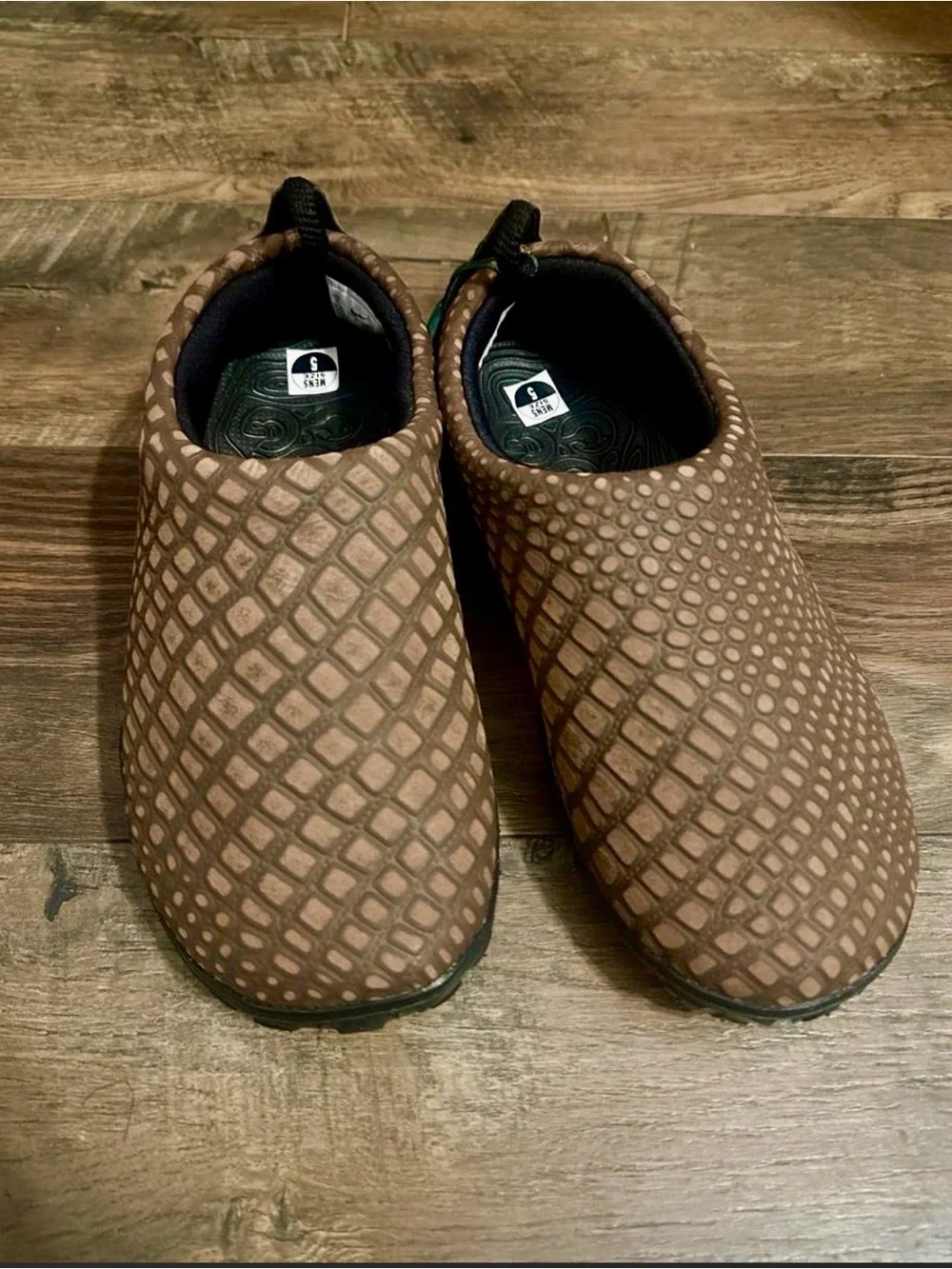 NWT Nike Kids Slip-On Casual Shoes in Brown size 5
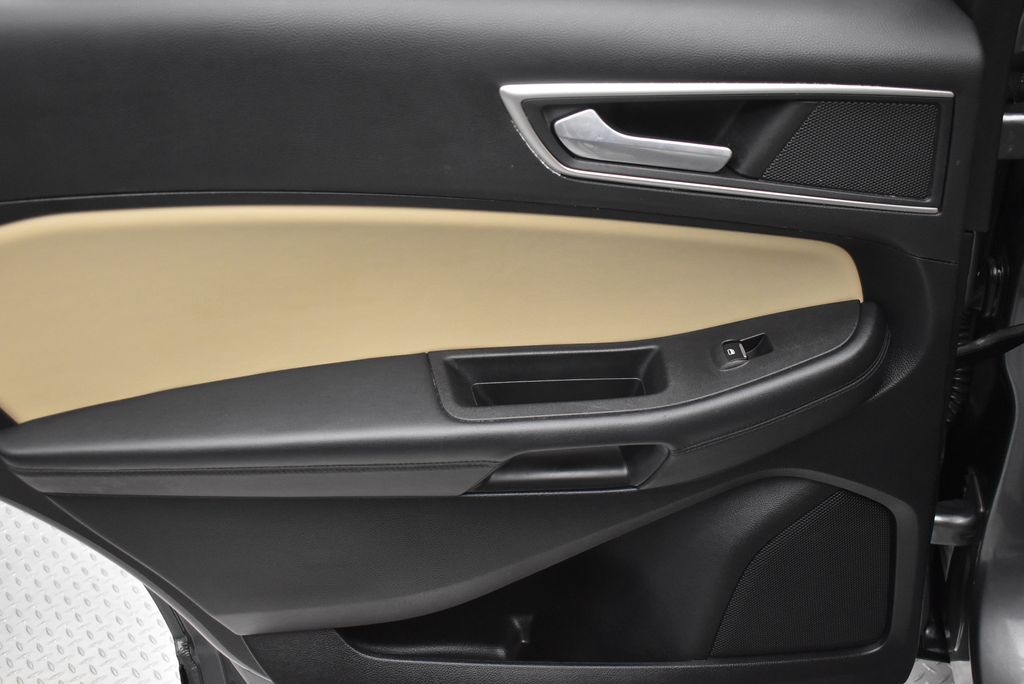 Thumbnail: 2023 Ford Edge - 31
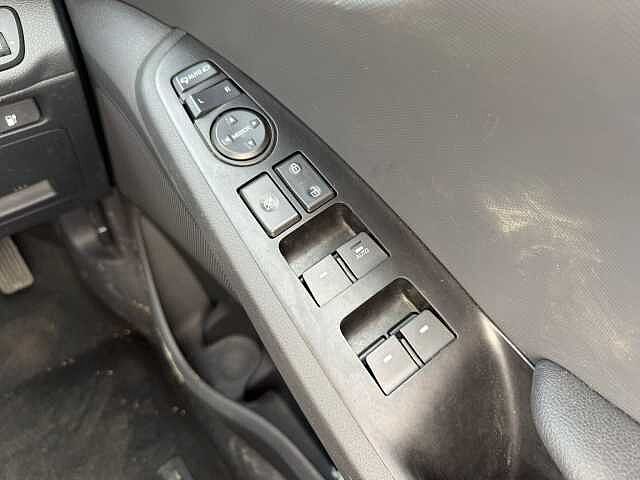 Hyundai IONIQ 100kW Premium SE 38kWh 5dr Auto White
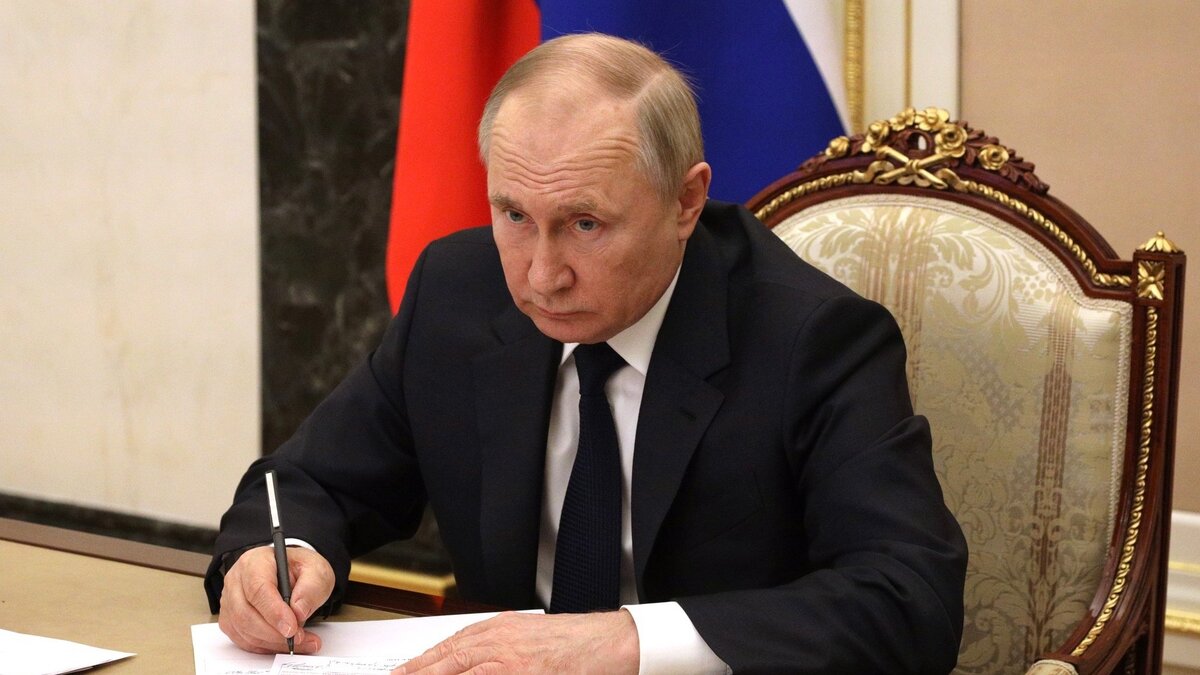     Президент России Владимир Путин заявил, что с 1 января 2024 года минимальный размер оплаты труда (МРОТ) в стране будет проиндексирован на 18,5%.
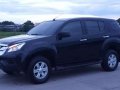 For sale 2015 model Isuzu Mux Ls mt 4x2-5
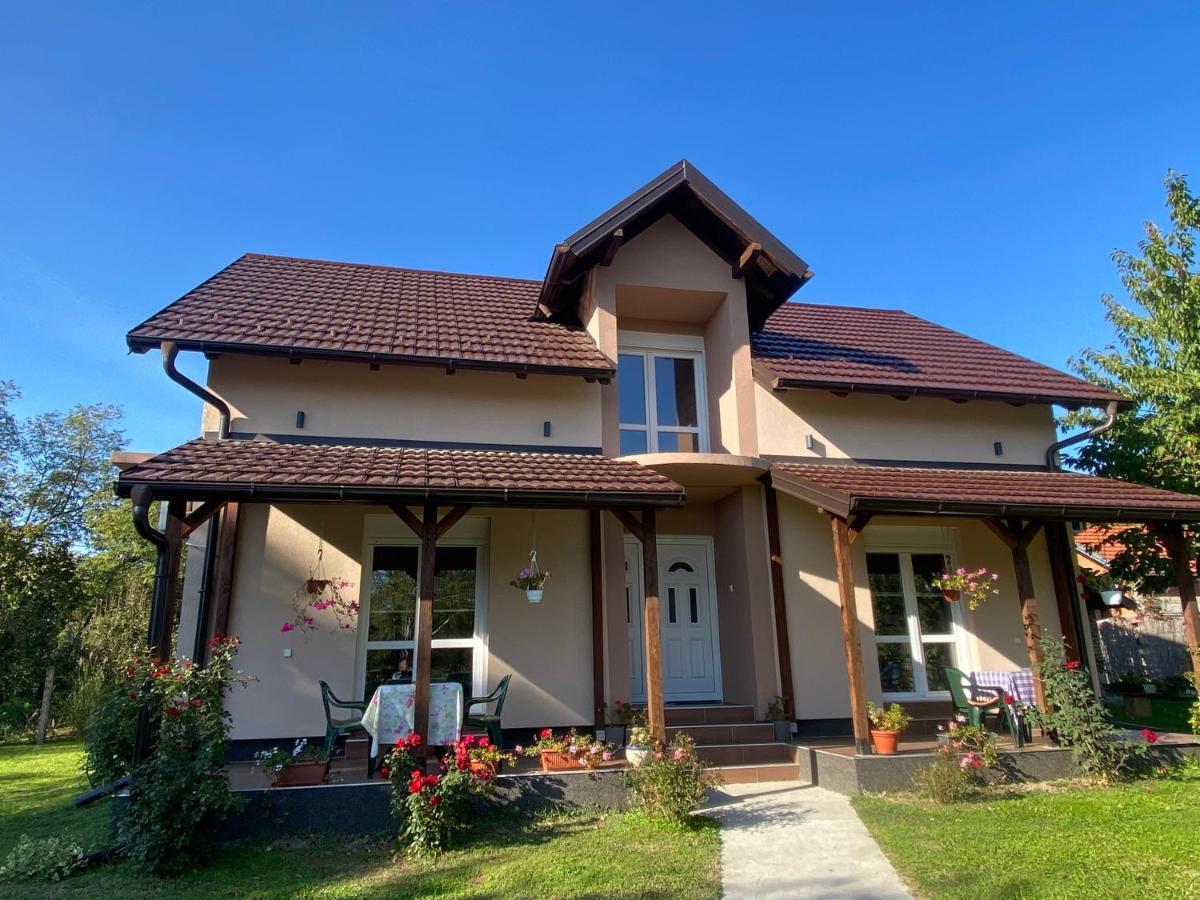 Kod Cika Brke Apartment Връдник Екстериор снимка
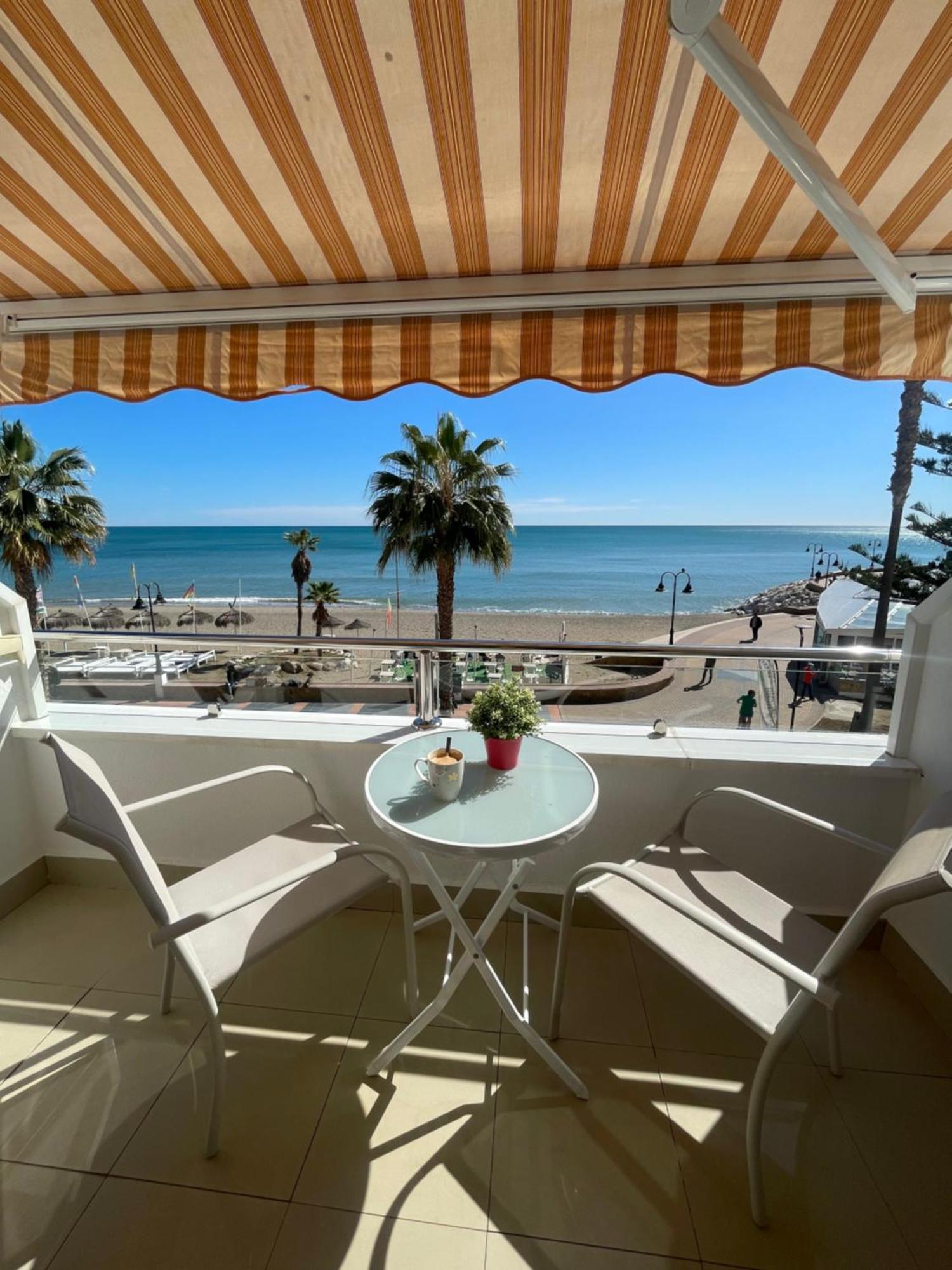 Roca Chica. Studio - First Line Beach Торремолинос Экстерьер фото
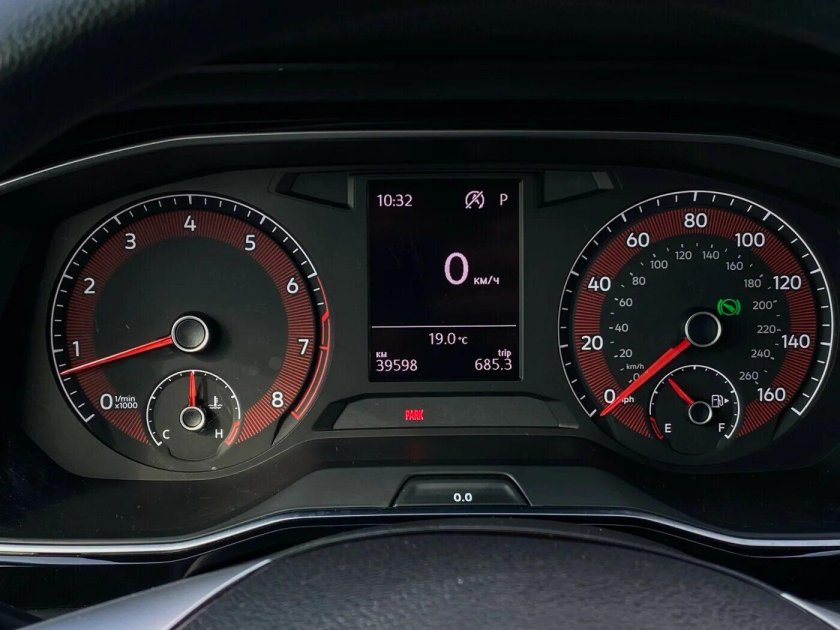 Volkswagen Jetta приборная панель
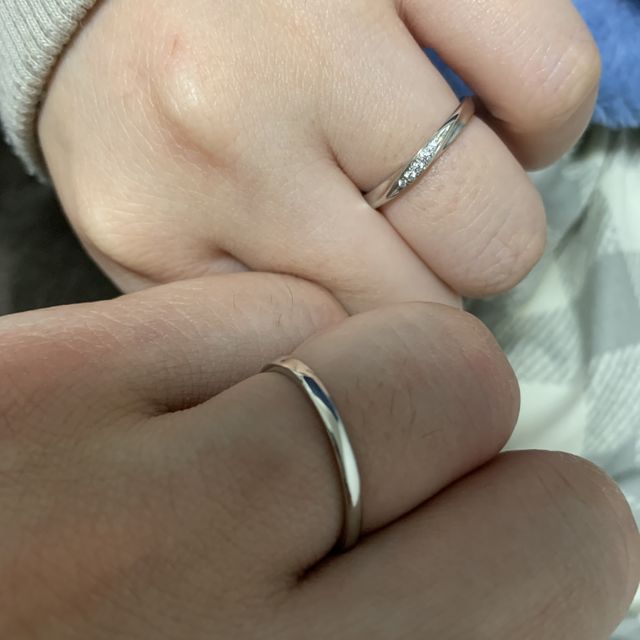 【4℃ BRIDAL(ヨンドシーブライダル)の口コミ】 以前から結婚指輪を購入しようと考えており、婚約指輪もここの店舗で購入…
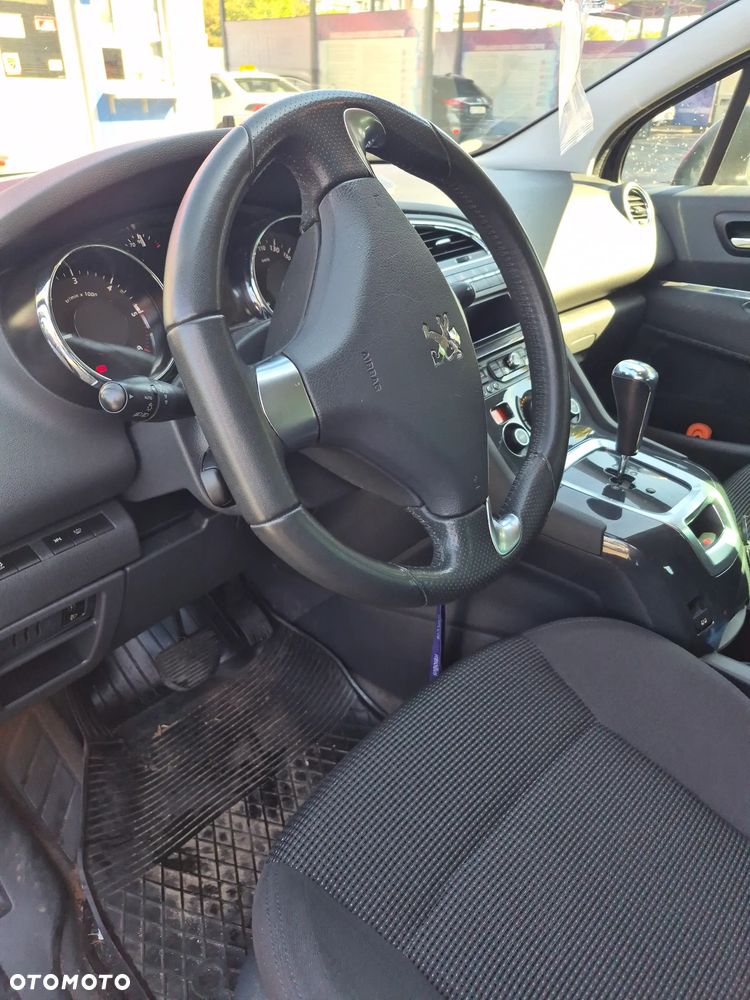 Peugeot 5008 - 19
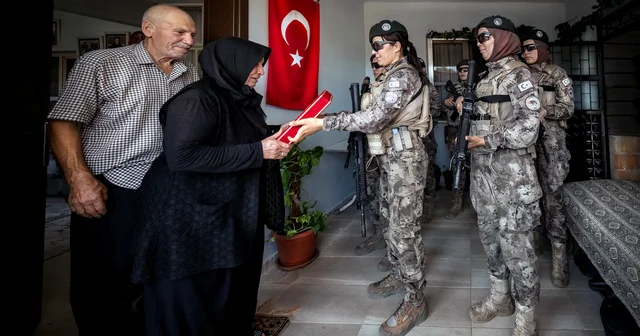 15 Temmuz şehidi özel harekat polisinin ailesine, silah arkadaşlarından ziyaret Adana Haberleri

-----

Work to be completed: Write out the records once more, word for word, though without the pictures they contain.

Response box:
 NWT Nike Kids Slip-On Casual Shoes in Brown size 5
 Thumbnail: 2023 Ford Edge - 31
 Hyundai IONIQ 100kW Premium SE 38kWh 5dr Auto White
     Президент России Владимир Путин заявил, что с 1 января 2024 года минимальный размер оплаты труда (МРОТ) в стране будет проиндексирован на 18,5%.
 For sale 2015 model Isuzu Mux Ls mt 4x2-5
 Kod Cika Brke Apartment Връдник Екстериор снимка
 Roca Chica. Studio - First Line Beach Торремолинос Экстерьер фото
 Volkswagen Jetta приборная панель
 【4℃ BRIDAL(ヨンドシーブライダル)の口コミ】 以前から結婚指輪を購入しようと考えており、婚約指輪もここの店舗で購入…
 Peugeot 5008 - 19
 15 Temmuz şehidi özel harekat polisinin ailesine, silah arkadaşlarından ziyaret Adana Haberleri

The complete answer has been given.